Born in Creighton Mine, Ontario, Cullen was given the nickname of Bud by his mother when he was a young boy. Later, he legally changed his name to Bud. Cullen went to Creighton Mine Public School, Lansdowne Public School, and Sudbury High School before attending the University of Toronto and Osgoode Hall Law School.

==Law and politics==

A lawyer practicing in Sarnia, Ontario, Cullen was first elected to the House of Commons of Canada in the 1968 federal election as the Liberal Member of Parliament for Sarnia.

==Key figure in government==

In 1971, he became parliamentary secretary to the Minister of National Defence. He subsequently served as parliamentary secretary to the Energy Minister (1972) and to the Finance Minister (1974–1975).

Prime Minister Pierre Trudeau appointed Cullen to the Cabinet as Minister of National Revenue in 1975. Cullen moved to the position of Minister of Manpower and Immigration in 1976, and remained in the position when it was renamed Minister of Employment and Immigration the next year, until the defeat of the Trudeau government in the 1979 election.

==Final days in politics and the judgeship==

Cullen lost his Sarnia seat in the 1979 election, but regained it in the subsequent 1980 election, but he did not return to Cabinet. Cullen was appointed a judge in the trial division of the Federal Court of Canada by Prime Minister John Turner in July 1984 prior to that year's election, and he remained on the bench until his retirement in August 2000.

==Connection to Sarnia Mayor Bradley==

Prior to being elected to Sarnia City Council for the first time in the municipal elections of 1985, future Sarnia mayor Mike Bradley got his political feet wet working as an executive assistant for MP Cullen. Bradley even made a run at winning Cullen's seat in 1984 and has described him in a number of interviews as a political role model of his.
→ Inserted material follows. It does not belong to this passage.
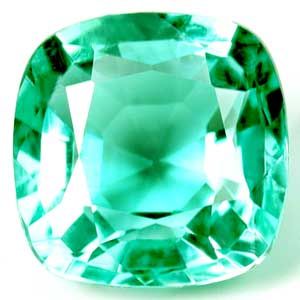 0.99 ct Emerald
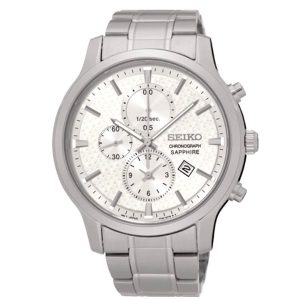 Reloj para regalo empresarial marca SEIKO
==Federal election results==

===Sarnia===

Source: Elections Canada

Source: Elections Canada

1980 Canadian federal election
| Party | Candidate | Votes | % | ±% |
|  | Liberal | Bud Cullen | 16,275 | 40.6% | +5.9% |
|  | Progressive Conservative | Bill Campbell | 13,986 | 34.9% | -5.1% |
|  | New Democratic | Wally Krawczyk | 9,809 | 24.4% | -0.9% |
|  | Marxist–Leninist | Pedro Villamizar | 52 | 0.1% |  |
| Total valid votes |  |  | 40,122 | 100.0% |

1979 Canadian federal election
| Party | Candidate | Votes | % | ±% |
|  | Progressive Conservative | Bill Campbell | 15,990 | 40.0% | +13.7% |
|  | Liberal | Bud Cullen | 13,872 | 34.7% | -22.0% |
|  | New Democratic | Wally Krawczyk | 10,148 | 25.4% | +8.3% |
| Total valid votes |  |  | 40,010 | 100.0% |

===Sarnia—Lambton===

Source: Elections Canada

Source: Elections Canada

1974 Canadian federal election
| Party | Candidate | Votes | % | ±% |
|  | Liberal | Bud Cullen | 20,661 | 56.7% | +13.9% |
|  | Progressive Conservative | John Kowalyshyn | 9,579 | 26.3% | -12.6% |
|  | New Democratic | Wallace Krawczyk | 6,217 | 17.1% | -1.3% |
| Total valid votes |  |  | 36,457 | 100.0% |

1972 Canadian federal election
| Party | Candidate | Votes | % | ±% |
|  | Liberal | Bud Cullen | 16,112 | 42.8% | -2.5% |
|  | Progressive Conservative | Andy Brandt | 14,647 | 38.9% | -1.1% |
|  | New Democratic | David Bell | 6,901 | 18.3% | +3.6% |
| Total valid votes |  |  | 37,660 | 100.0% |

===Sarnia===

Source: Elections Canada

1968 Canadian federal election
| Party | Candidate | Votes | % |
|  | Liberal | Bud Cullen | 14,573 | 45.3% |
|  | Progressive Conservative | Dick Ford | 12,883 | 40.0% |
|  | New Democratic | Alex Grabove | 4,733 | 14.7% |
| Total valid votes |  |  | 32,189 | 100.0% |

== Archives ==
There is a Jack Cullen fonds at Library and Archives Canada.